Cyrus Mistry, who was unceremoniously removed as the chairman of Tata Sons alleging non-performance, in an affidavit to the Supreme Court on Friday said the Tata Group had an adjusted net loss of Rs 13,000 crore in 2019 — the worst losses in three decades.
In his reply to the Tatas’ petition challenging his reinstatement by the NCLAT last December, Mistry also demands that group chairman emeritus Ratan Tata should reimburse all the expenses to Tata Sons since his departure in December 2012 in keeping with best global governance standards.
Early January, the Tatas challenged the December 18, 2019, order of the National Company Law Appellate Tribunal (NCLAT) in the Supreme Court, which had stayed the order. Then the apex court on May 29 began hearing on the case and asked all parties concerned to submit their replies within four weeks.
The Mistry family firms filed replies in response to Tatas’ affidavits on Friday. Mistry was unceremoniously removed as the chairman of Tata Sons on October 24, 2016, in a boardroom coup offering no reason. But later in select press statements the group had claimed that Mistry was removed primarily for his non-performance and claimed that Tata Sons was in loss under his watch.

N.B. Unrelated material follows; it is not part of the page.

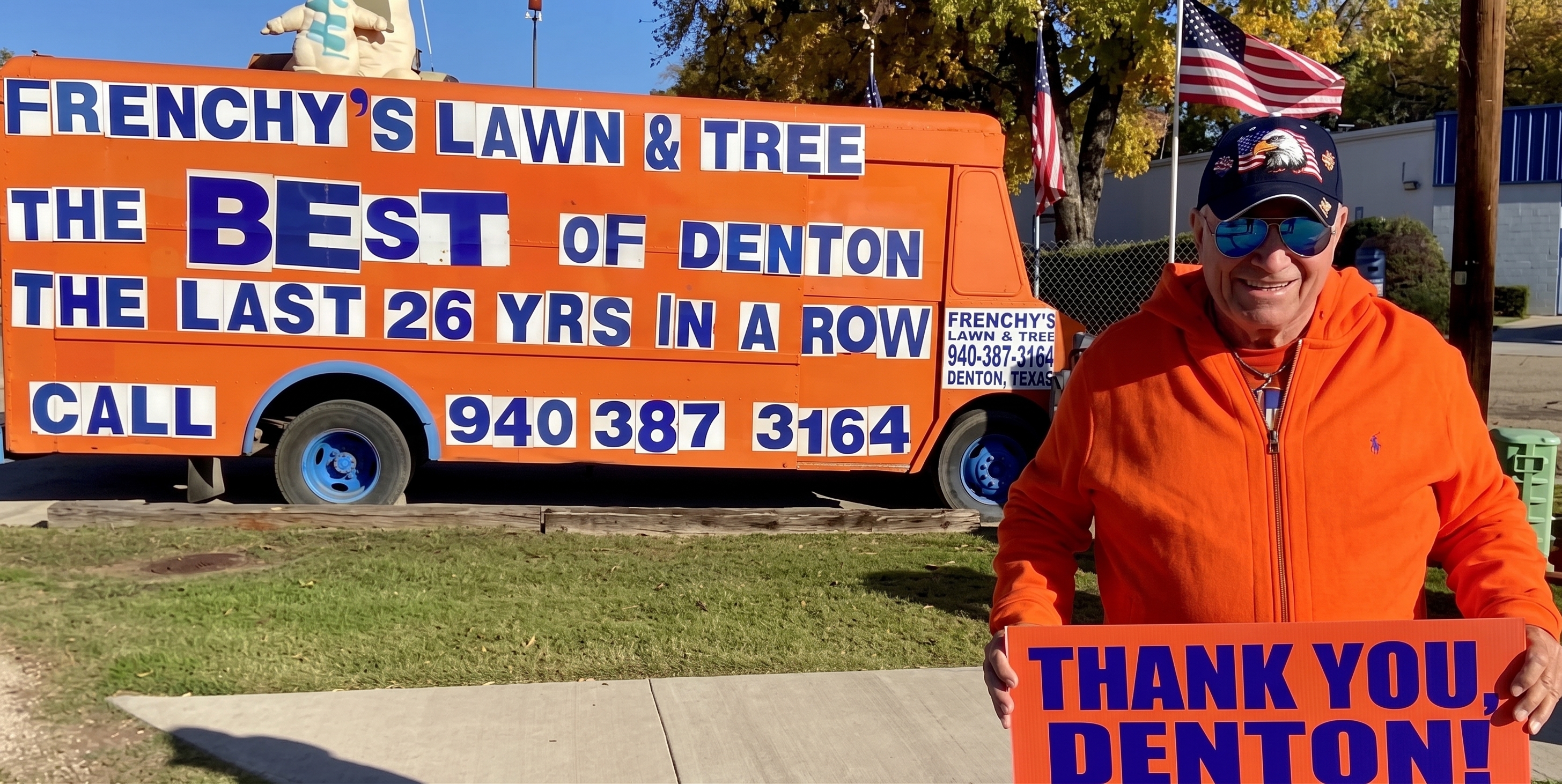 Frenchy holding a thank-you sign in front of an orange Frenchy's Lawn & Tree truck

But, according to Mistry, the loss numbers were arrived at by excluding the huge dividend that the group cash-cow TCS was paying, which was averaging at over 85 per cent annually.
“The Tatas had sought to exclude the dividends from TCS to arrive at operating profit in a bid to discredit my performance. Applying the same yardstick, the adjusted profit after tax (excluding profit from TCS) stood at a negative Rs 13,000 crore in 2019 for the Tata Group, which is the worst loss in three decades,” Mistry says in his replies to the Supreme Court.
He also says Tata Sons had a 282 per cent increase in operating losses in 2019 at Rs 2,100 crore, up from around Rs 550 crore in 2016 and blames it for “the abysmal performance in recent years to legacy issues”.
Mistry also questions the belated claim by the Tatas that his inexplicable removal was due to lack of performance, pointing to the unequivocal endorsement of his performance by the nomination & remuneration committee which was duly approved by the board just weeks before his dramatic removal.
Emphasising that his removal had nothing to do with his performance, Mistry’s reply highlights that the Tata Group had annually outperformed the Sensex by 5 percent in terms of market capitalisation when he was the chairman.
Mistry also says the group companies had logged in 34.6 per cent growth in annual net income in the first three years of his tenure and a 100 per cent rise in the patent filings, all leading to a USD 5 billion gain in brand value.
The plea also seeks full disclosure of the expenses of Ratan Tata’s office as these are related party transactions.
“It was hoped that in keeping with the global best practices in corporate governance, Tata would reimburse his expenses over the past five years as was done by Jack Welch, the chairman emeritus of GE, reimbursed all his expenses to the company.” Post-Mistry, the Tata Group’s debt rose by Rs 80,740 crore in just two years compared to Rs 69,877 crore in the previous four years when he was the chairman.
The conversion of Tata Sons into a private limited company would also cause the cost of debt to increase, he says, adding the standalone borrowing cost of Tata Sons jumped 92 per cent to Rs 2,776 crore in 2019 from Rs 1,453 crore in 2016.
Similarly, employee expenses in the first three years of his chairmanship rose only by Rs 96 crore, which under the new management jumped by Rs 210 crore over a similar timeframe.
He also notes that the company has seen huge value erosion of the investments when Tata was the chairman. In the past three years, Tata Sons invested about Rs 67,000 crore in portfolio companies but these investments have lost Rs 40,000 crore of the invested value.
Though most of it was due to telecom ventures, the value of the listed non-telecom investments lost 23 per cent to Rs 16,243 crore, while during the same period the Sensex rallied 27 per cent, underperforming the index by 50 per cent.
Mistry also says when Tata was the chairman, the group had no proper investment strategy and that no strategy document ever presented to the board during his tenure.
“All that one saw was mere a set of ill-conceived global acquisition and bad decisions on choice telecom technology platforms, and other business decisions all led to the largest value destruction in Indian corporate history.
“These prejudicial actions led to the dividend yield from Tata Sons falling from around 0.26 per cent in 2005, the first year of the listing of TCS, to a paltry 0.06 per cent in 2019, when dividend yield of Sensex companies was around 1.4 per cent,” he says.
Seeking to hold the trustees of the dozen-odd Tata Trusts responsible for the mess at the group now, Mistry says he has evidence to prove that some trustees were involved in all major decisions and the same led to other shareholders getting negatively impacted. “Its time the trustees are held accountable.”